> [Problem details]:
Reproduce the listing below word for word.
··· Records supplied ···
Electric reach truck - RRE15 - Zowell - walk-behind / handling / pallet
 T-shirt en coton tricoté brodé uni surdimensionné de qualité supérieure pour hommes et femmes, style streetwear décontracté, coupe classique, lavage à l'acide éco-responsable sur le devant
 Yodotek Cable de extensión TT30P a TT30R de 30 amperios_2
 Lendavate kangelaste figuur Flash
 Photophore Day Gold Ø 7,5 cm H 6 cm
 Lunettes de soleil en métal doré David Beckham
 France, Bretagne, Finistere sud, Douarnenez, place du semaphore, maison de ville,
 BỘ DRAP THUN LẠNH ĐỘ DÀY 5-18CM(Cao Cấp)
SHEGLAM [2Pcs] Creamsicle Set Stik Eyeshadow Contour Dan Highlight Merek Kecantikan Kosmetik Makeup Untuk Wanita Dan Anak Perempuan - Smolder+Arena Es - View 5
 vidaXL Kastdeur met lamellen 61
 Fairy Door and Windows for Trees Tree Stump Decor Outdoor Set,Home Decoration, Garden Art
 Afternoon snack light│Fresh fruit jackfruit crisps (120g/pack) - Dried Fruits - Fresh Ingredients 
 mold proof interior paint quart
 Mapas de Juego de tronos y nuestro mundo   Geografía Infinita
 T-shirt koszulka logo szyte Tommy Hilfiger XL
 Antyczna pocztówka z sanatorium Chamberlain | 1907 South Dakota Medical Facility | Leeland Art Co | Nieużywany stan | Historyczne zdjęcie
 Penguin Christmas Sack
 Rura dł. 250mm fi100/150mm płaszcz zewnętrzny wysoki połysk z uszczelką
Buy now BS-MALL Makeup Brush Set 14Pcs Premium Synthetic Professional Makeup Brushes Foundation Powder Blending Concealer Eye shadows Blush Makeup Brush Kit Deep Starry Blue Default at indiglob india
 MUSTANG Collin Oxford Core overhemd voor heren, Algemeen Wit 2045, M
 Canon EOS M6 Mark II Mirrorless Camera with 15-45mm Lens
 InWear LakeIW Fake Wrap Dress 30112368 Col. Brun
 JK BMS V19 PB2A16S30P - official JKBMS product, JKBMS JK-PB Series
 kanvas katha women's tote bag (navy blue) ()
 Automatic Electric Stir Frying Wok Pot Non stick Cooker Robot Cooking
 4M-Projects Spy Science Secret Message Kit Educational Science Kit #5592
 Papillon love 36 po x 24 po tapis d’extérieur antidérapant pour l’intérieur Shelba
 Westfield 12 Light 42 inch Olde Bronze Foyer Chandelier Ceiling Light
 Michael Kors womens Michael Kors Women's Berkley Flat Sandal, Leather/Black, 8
···
> [Solved exercise]:
Electric reach truck - RRE15 - Zowell - walk-behind / handling / pallet
 T-shirt en coton tricoté brodé uni surdimensionné de qualité supérieure pour hommes et femmes, style streetwear décontracté, coupe classique, lavage à l'acide éco-responsable sur le devant
 Yodotek Cable de extensión TT30P a TT30R de 30 amperios_2
 Lendavate kangelaste figuur Flash
 Photophore Day Gold Ø 7,5 cm H 6 cm
 Lunettes de soleil en métal doré David Beckham
 France, Bretagne, Finistere sud, Douarnenez, place du semaphore, maison de ville,
 BỘ DRAP THUN LẠNH ĐỘ DÀY 5-18CM(Cao Cấp)
SHEGLAM [2Pcs] Creamsicle Set Stik Eyeshadow Contour Dan Highlight Merek Kecantikan Kosmetik Makeup Untuk Wanita Dan Anak Perempuan - Smolder+Arena Es - View 5
 vidaXL Kastdeur met lamellen 61
 Fairy Door and Windows for Trees Tree Stump Decor Outdoor Set,Home Decoration, Garden Art
 Afternoon snack light│Fresh fruit jackfruit crisps (120g/pack) - Dried Fruits - Fresh Ingredients 
 mold proof interior paint quart
 Mapas de Juego de tronos y nuestro mundo   Geografía Infinita
 T-shirt koszulka logo szyte Tommy Hilfiger XL
 Antyczna pocztówka z sanatorium Chamberlain | 1907 South Dakota Medical Facility | Leeland Art Co | Nieużywany stan | Historyczne zdjęcie
 Penguin Christmas Sack
 Rura dł. 250mm fi100/150mm płaszcz zewnętrzny wysoki połysk z uszczelką
Buy now BS-MALL Makeup Brush Set 14Pcs Premium Synthetic Professional Makeup Brushes Foundation Powder Blending Concealer Eye shadows Blush Makeup Brush Kit Deep Starry Blue Default at indiglob india
 MUSTANG Collin Oxford Core overhemd voor heren, Algemeen Wit 2045, M
 Canon EOS M6 Mark II Mirrorless Camera with 15-45mm Lens
 InWear LakeIW Fake Wrap Dress 30112368 Col. Brun
 JK BMS V19 PB2A16S30P - official JKBMS product, JKBMS JK-PB Series
 kanvas katha women's tote bag (navy blue) ()
 Automatic Electric Stir Frying Wok Pot Non stick Cooker Robot Cooking
 4M-Projects Spy Science Secret Message Kit Educational Science Kit #5592
 Papillon love 36 po x 24 po tapis d’extérieur antidérapant pour l’intérieur Shelba
 Westfield 12 Light 42 inch Olde Bronze Foyer Chandelier Ceiling Light
 Michael Kors womens Michael Kors Women's Berkley Flat Sandal, Leather/Black, 8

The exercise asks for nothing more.